This could be beneficial to college athletes at all levels. Senior Bryn Tucker “Tuck”, who has committed to Clemson to play D1 football is excited, stating that if the opportunity arises, he would take the chance to earn a little money. “I’ll definitely take advantage of it. But, it’s also based on likeness, you know like Trevor Lawrence, the quarterback- everybody loves him. It’s based off likeness, so if I could start like a new business or a mini business to help people out, with [my] likeness, I could get paid for doing that, and help people out,” Tucker said.
Though he says it will not affect his plans to enter the professional field.
“It wouldn’t affect my decision, you know- in college my plan is to hopefully stay three years, you know, junior year is when you can get drafted by the NFL. So, I mean that’s my goal. In the NFL, you get paid, but like the money stuff about the college- getting paid would be really nice- but m y number one goal is to go into the NFL for 6 or 7 years. [Its] stable money.
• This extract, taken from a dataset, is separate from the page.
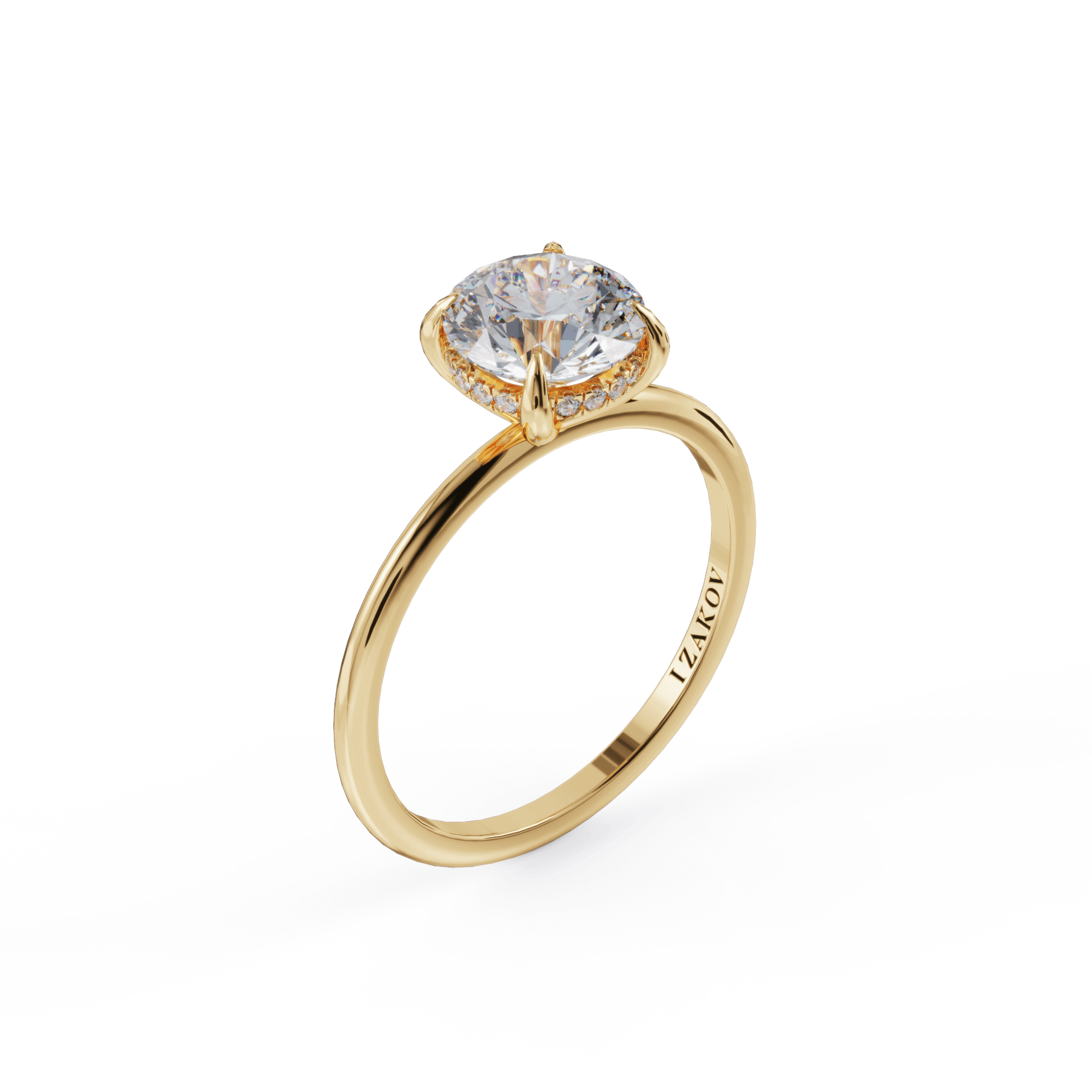 Skinny Solitaire Hidden Halo Diamond Engagement Ring - Rings - Izakov Diamonds + Fine Jewelry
That’s my goal-, any team, I don’t mind. That’s my goal.”
Many ex-collegiate athletes, such as Coach Anderson, who was an All-American linebacker for Carson Newman expressed his frustration stating, “We definitely could’ve used that- though we weren’t mad. We didn’t think about that kind of thing, but when the end of the month came it would’ve been helpful to get a little stipend to carry you over.”
While he supports this ability of schools to give a little bit of money, he also thinks schools shouldn’t pay athletes a ridiculous amounts of money, and students should now be wary about the sources of the sponsorships they may receive. He said his job is to prepare his athletes to be careful and be prepared for all the new challenges they will face.